I have some know how regarding UI/UX-Design, though.
I think building a full replacement for the current UI would be too involved. I am talking about an additional service to augment this instance (which would be hosted on clips.waveform.social).
So basically people will go there, drop/upload a file and get a link to be able to create a post on this instance.
Lemmy already supports embedding post content if the target site supports embedding (through opengraph metadata) which is why we can easily embed the media into the post.
If you're willing to design some pages that would be awesome.
So in essence an imgur but for audio.
Instead of a grid of images you have a list of audio clips (represented as waveforms for example), perhaps annotated with metadata, tags and or a short descriptive text (what about deaf people?).
Could people just drop-in audio without the need to register, what about deletion. What about copyright claims/DMCA? Can people edit/manipulate their uploads?
What about discoverability, would there be a search function or should it just be a dump space for which you get a link as a reference to your uploaded audio file?
It's way simpler than that. No lists, no accounts, no search.
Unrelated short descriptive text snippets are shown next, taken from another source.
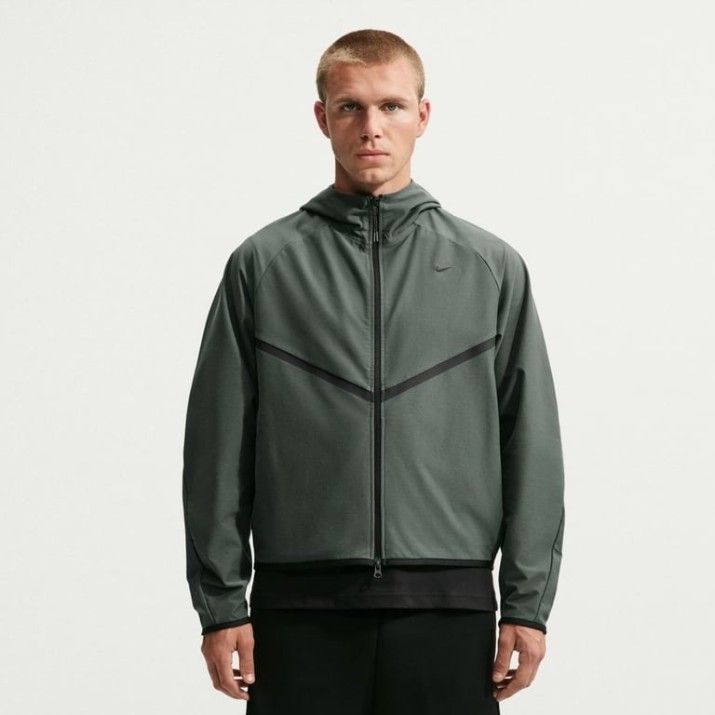 Мужская ветровка Nike Tech Shori Knit Full-Zip Windrunner Camo Green/Black, s.XL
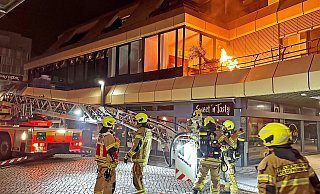 In der Nacht zu Freitag brannten Mobiliar und Palmen auf einem Balkon auf dem Königsplatz. Die Brandstelle lag oberhalb des Cafés "Sweet 'n Tassty" am Durchgang zum Tedi-Markt. - Ralph Meyer
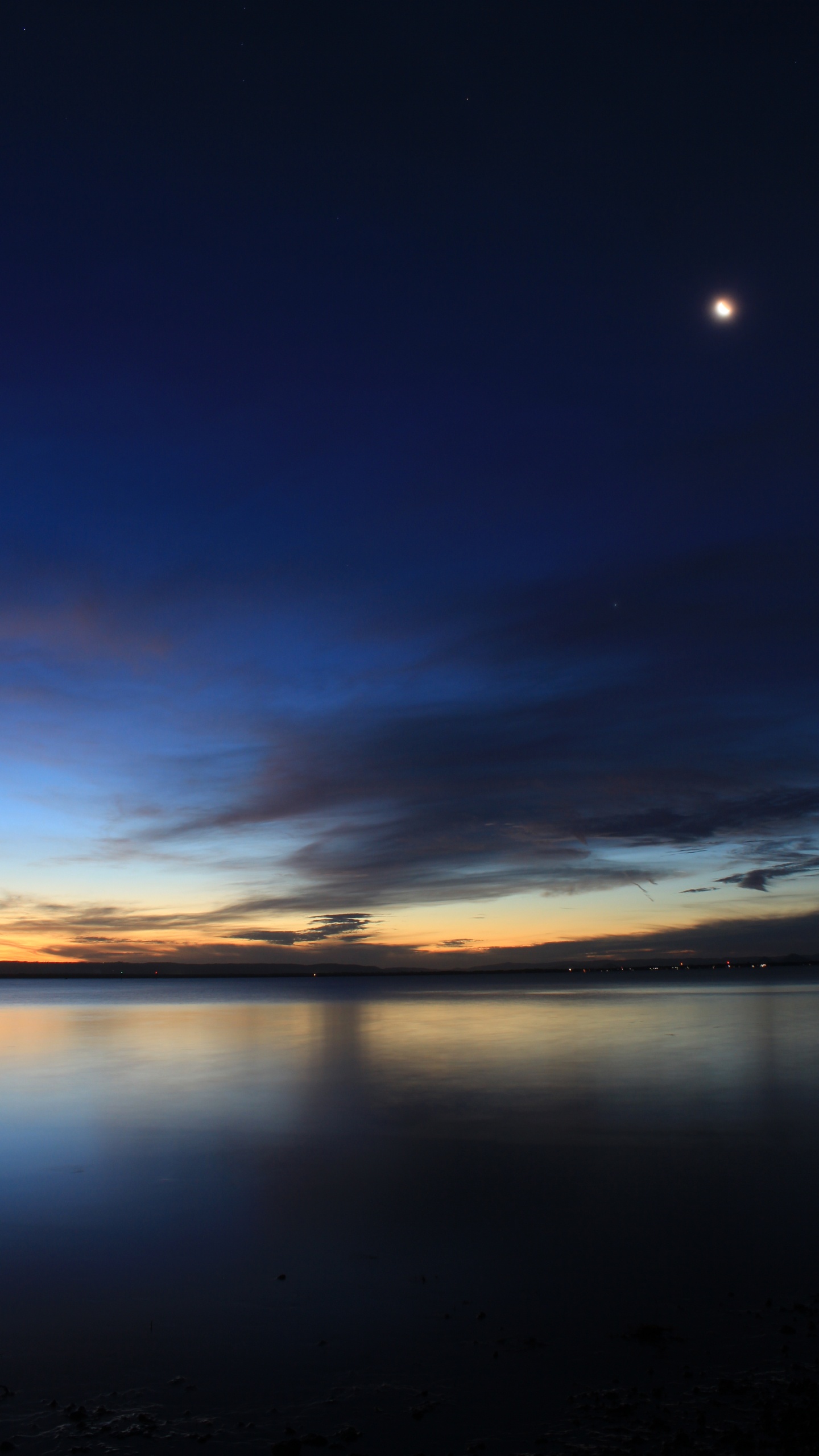 Plan D'eau Sous le Ciel Bleu au Coucher du Soleil. Wallpaper in 1440x2560 Resolution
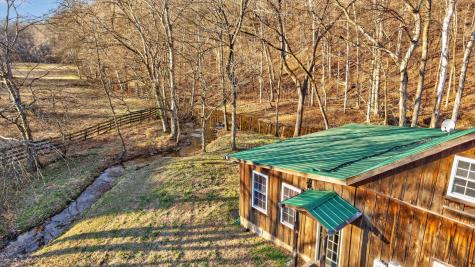 5084 Dorris Road Greenbrier TN 37073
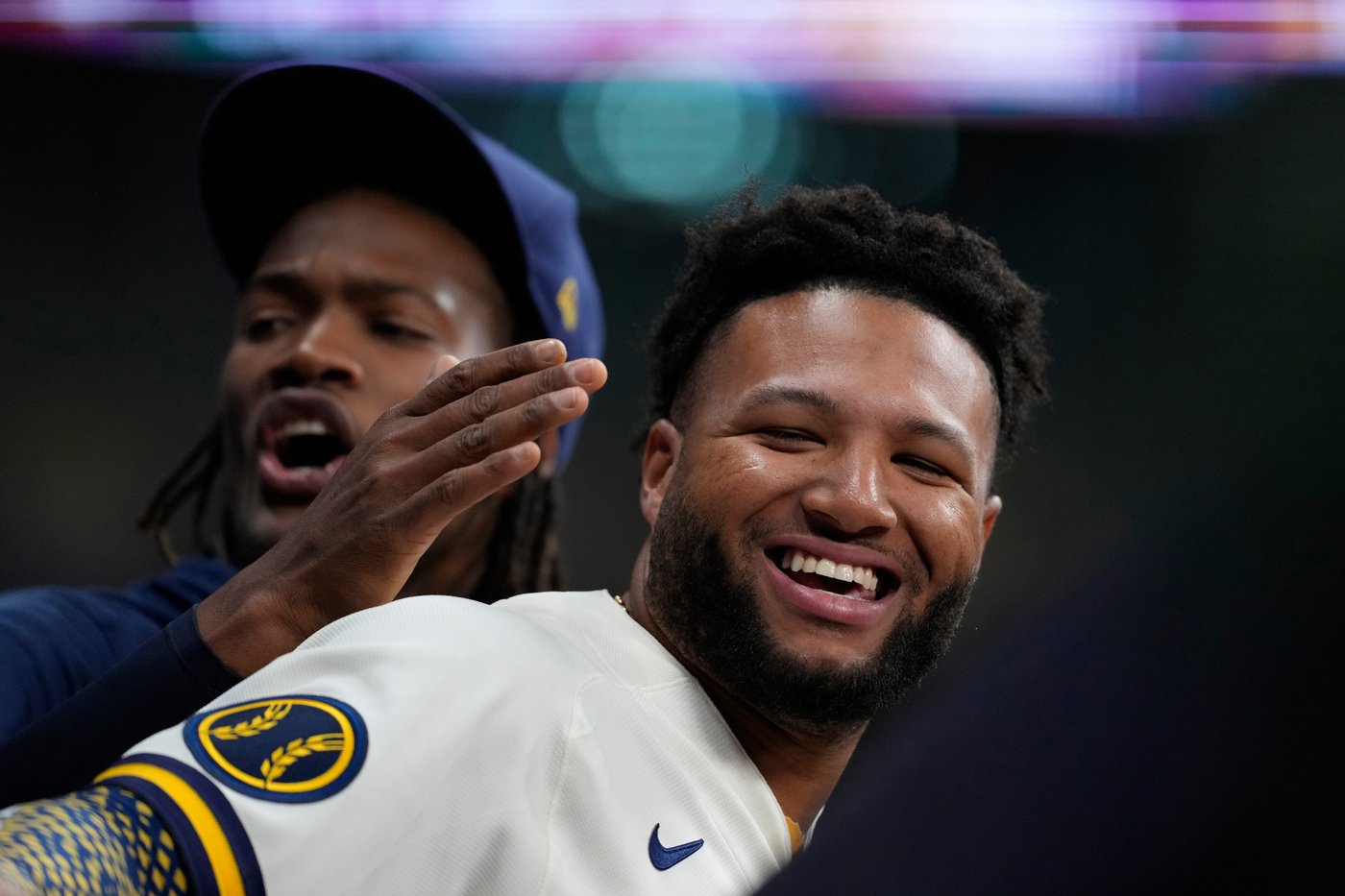 Kyle Harrison strikes out 12, Jake Bauers homers as surging Brewers top slumping Giants 8-3 | iNFOnews.ca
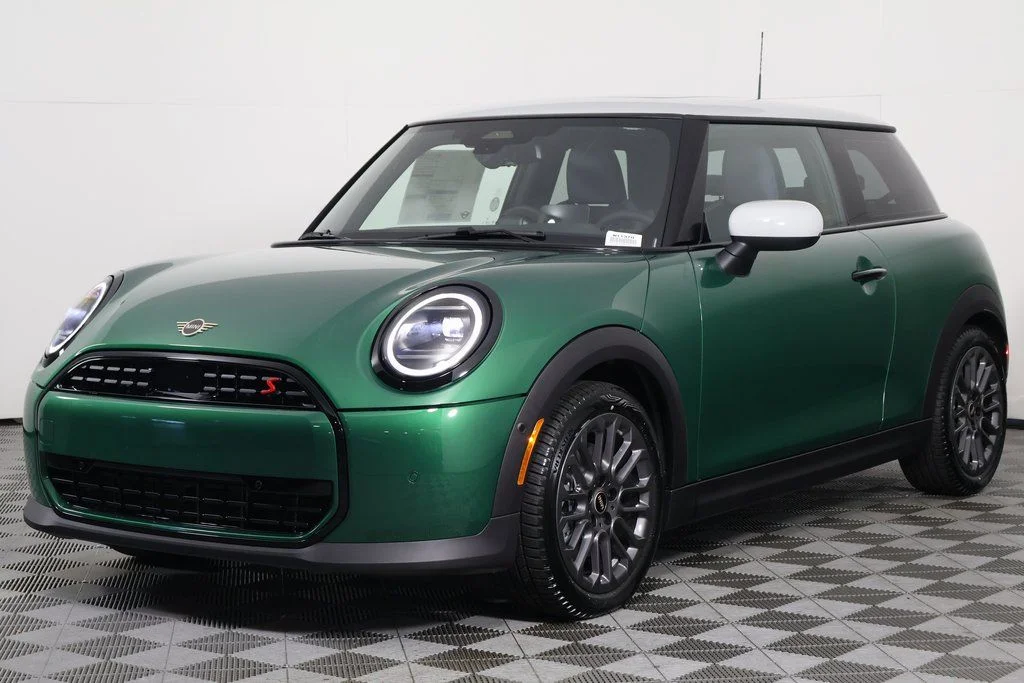 2026 MINI Hardtop Cooper S Signature's photo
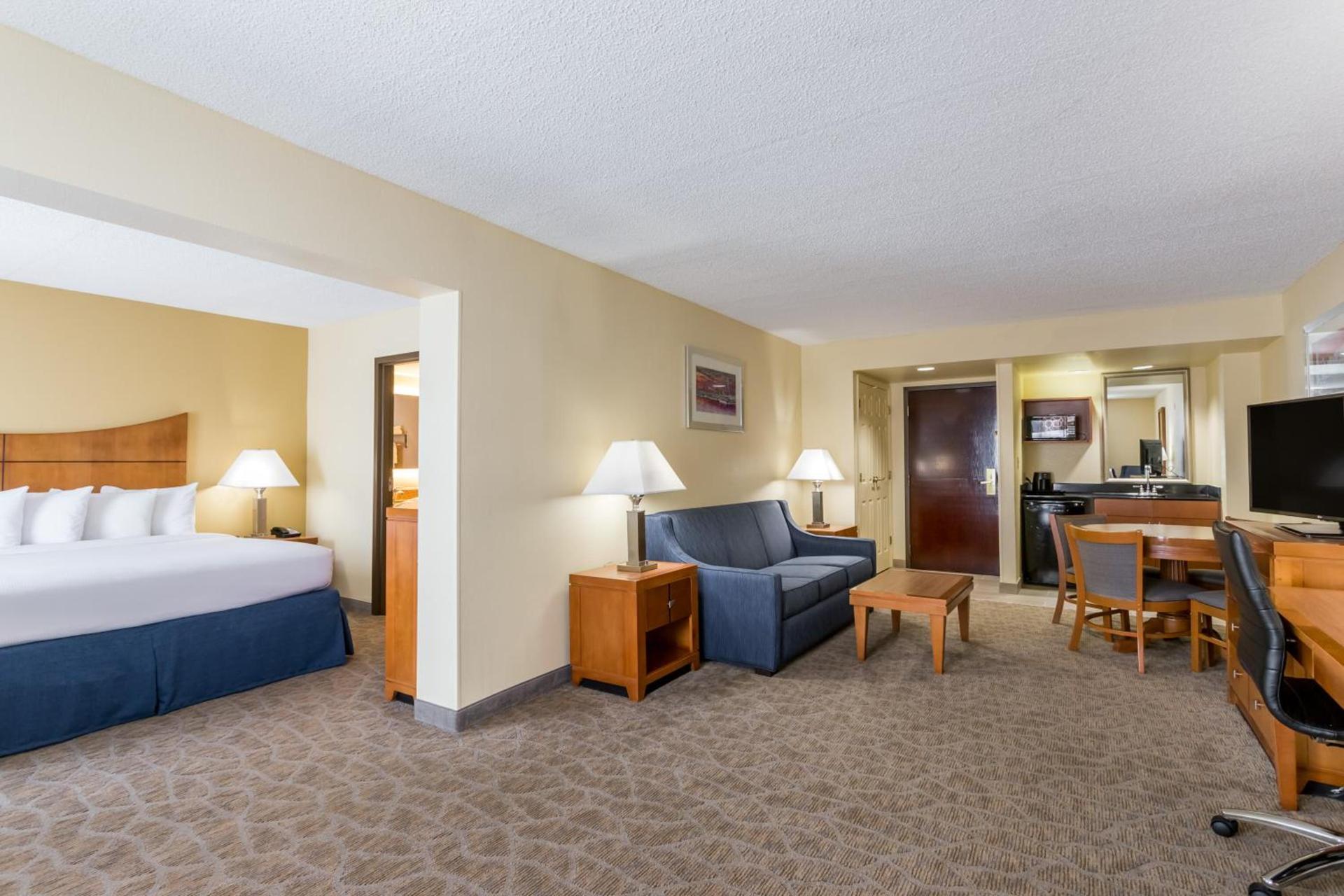 Wingate by Wyndham, Universal Studios - Free Theme Park Shuttle photo 43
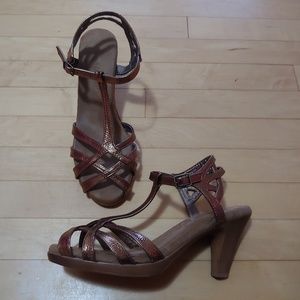 Bronze strappy dress pump, 2 inch heels, size 10
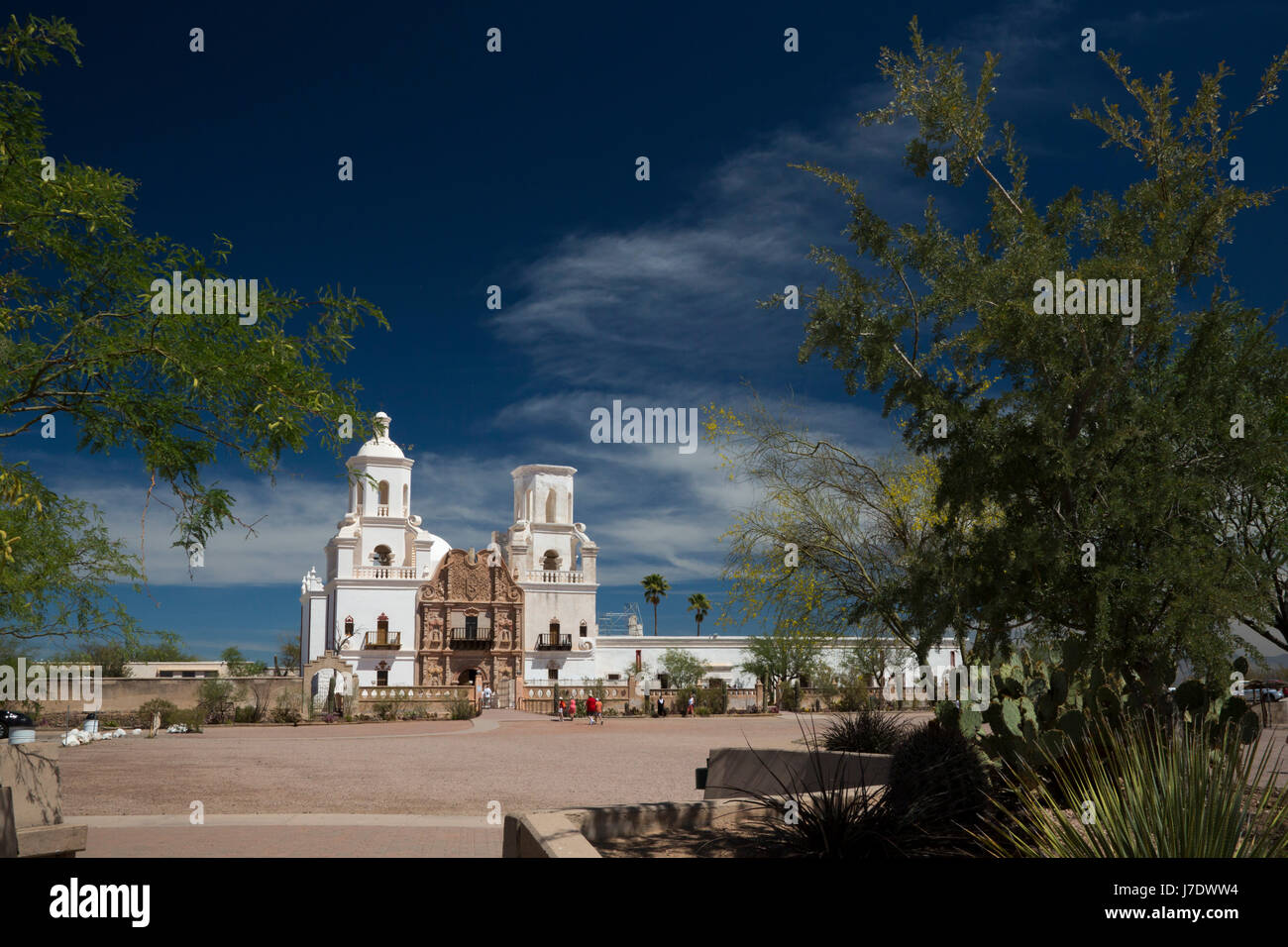 Tucson, Arizona - La missione di San Xavier del Bac il Tohono O'odham Nazione. La missione era stata stabilita in spagnolo 1692; l'attuale costruzione risale Foto Stock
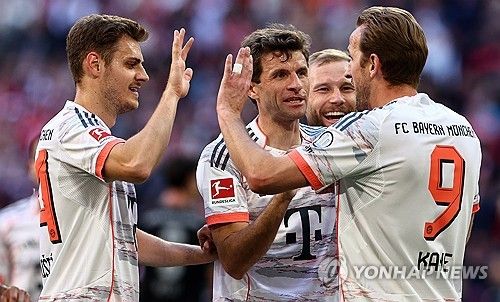 뱅상 콤파니 감독이 이끄는 바이에른 뮌헨이 11일(한국시간) 독일 뮌헨에 있는 알리안츠 아레나에서 열린 보루시아 묀헨글라트바흐에서 열린 2024-2025시즌 분데스리가 33라운드, 뮌헨의 시즌 마지막 홈 경기에서 승리했다.&nbsp; 이미 우승을 확정 지은 뮌헨은 마지막 홈 경기를 승리로 자축하면서 화려한 우승 세레머니를 했다. 아킬레스건 부상으로 명단에 빠진 김민재 역시 이날 경기장에 참석해 세레머니를 함께 했다.&nbsp;연합뉴스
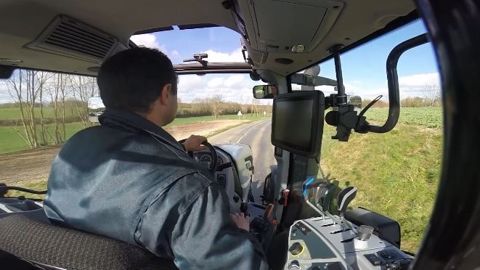 Au cœur de l'innovation, prenez en main les toutes dernières générations de tracteurs et d'équipements. (©Terre-net Média)
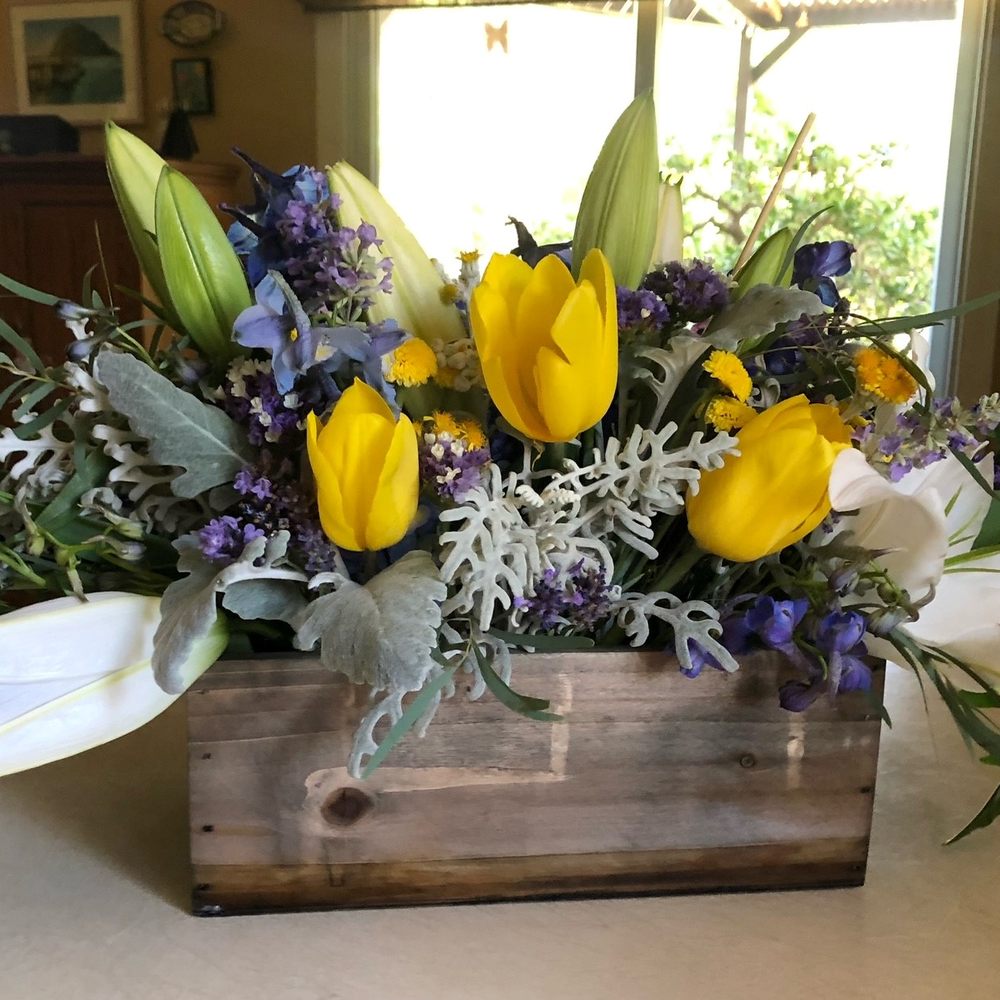 Circle Z Floral - Florists Near Me - Esparto, California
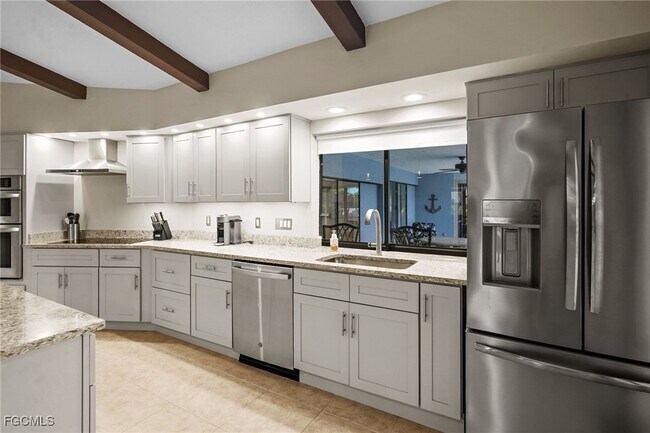 Building Photo - 16686 Bobcat Dr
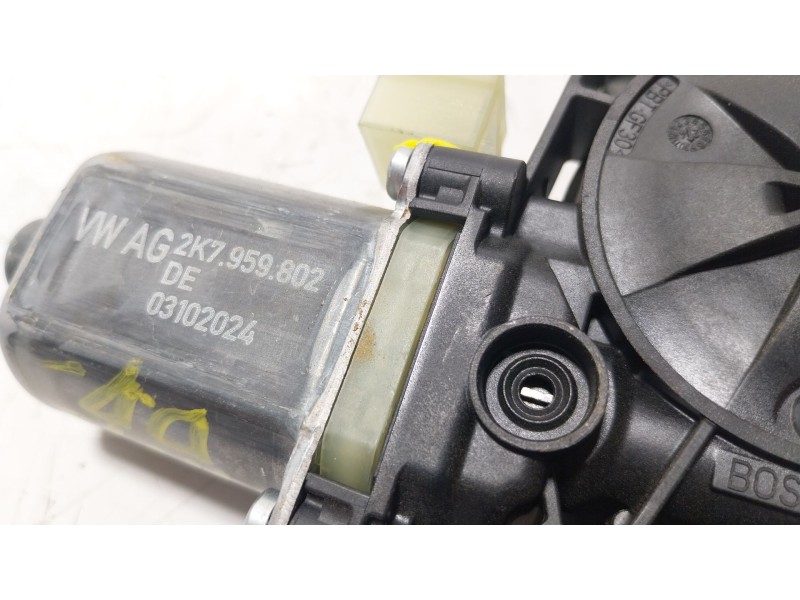 Recambio de elevalunas delantero derecho para volkswagen caddy v furgoneta/monovolumen (sba, sbh) 2.0 tdi bmt referencia OEM IAM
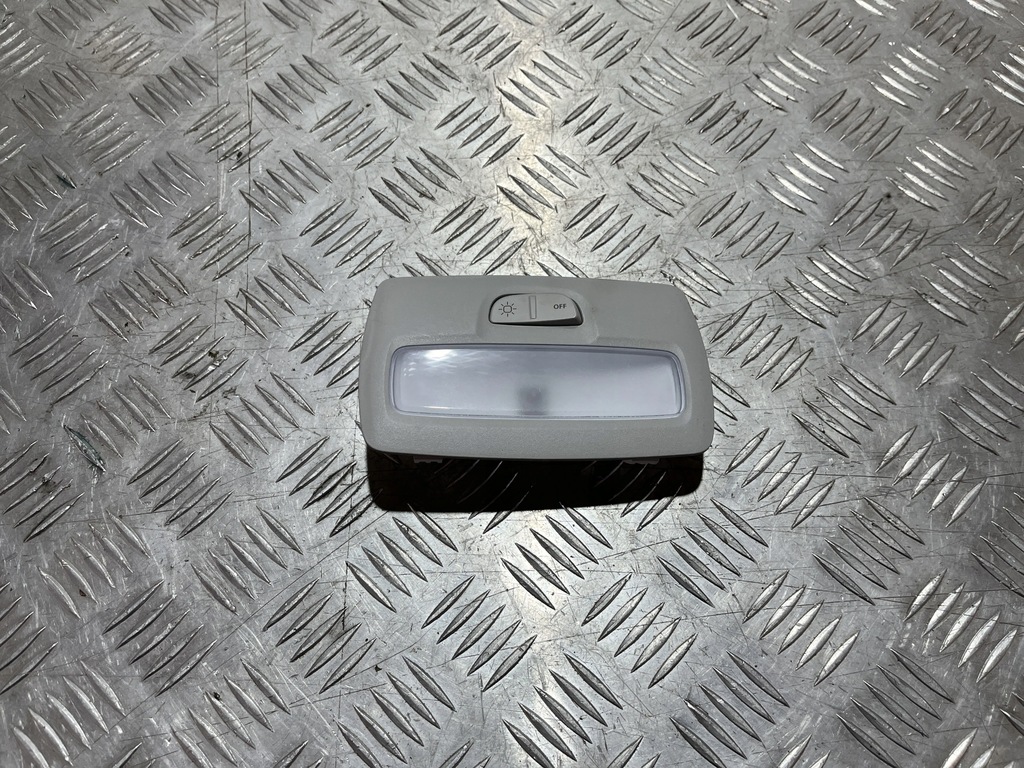 фото №1, Лампа потолочный задняя renault arkana 20-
You literally just upload a file and get a link to a viewer/player. The main place to be will still be waveform.social, this clips thing is just a way to upload media to get a link to share on waveform.social.
With regard to copyright claims: a link to send an email in the footer would be enough. I can go and delete any infringing content.
If at some point people would like to do more (like delete their content) then we can add it at that point. But right now I want to do the simplest thing that could possibly work.
I see.
I guess you can just use the same look and feel of your instance. And take the create post
screen as reference. Instead of uploading an image, you change it to accept audio/*
instead.
Once the audio is uploaded, you can process it via ffmpeg
to turn it into a visually appealing waveform png you then can show the users. Next to it would be a play and pause button, and seeking is done by sliding over the waveform (it also shows the current location by graying out the given portion like a progress bar).
Once an audio is uploaded, you also could generate a UUID to reference that exact post for embedding or linking.
In embedded form: you see the same playback controls as the uploader, including the waveform.
I could imagine something with flask- html - css. Ive at least seen a drag and drop component in flask. Iḿ experimenting a lot with webservices lately like my 4-tracks beat site. Not sure if Iḿ up to anyones standrads but I could probably write a working and acceptable looking UI for that.
Problem is that Iḿ currently focused on stuff I need to get down in this month. So maybe in the long run I could help with that.
This post came up when I searched the lemmyverse for "imgur but for audio". I'm loving the idea.
I've been looking for a way to hot link audio into my Lemmy comments using the ![]()
markup but the problem is either Lemmy doesn't render audio urls as audio elements or the website I'm linking disables hotlinking. I can't tell.
If you don't mind the default Lemmy ui look then you can easily copy them over, because it uses Bootstrap 5. I've also seen elsewhere on the lemmyverse instances who ask their users to use an external affiliated file host that runs a linx-server instance. A simple off the shelf server that you can spin up in a docker.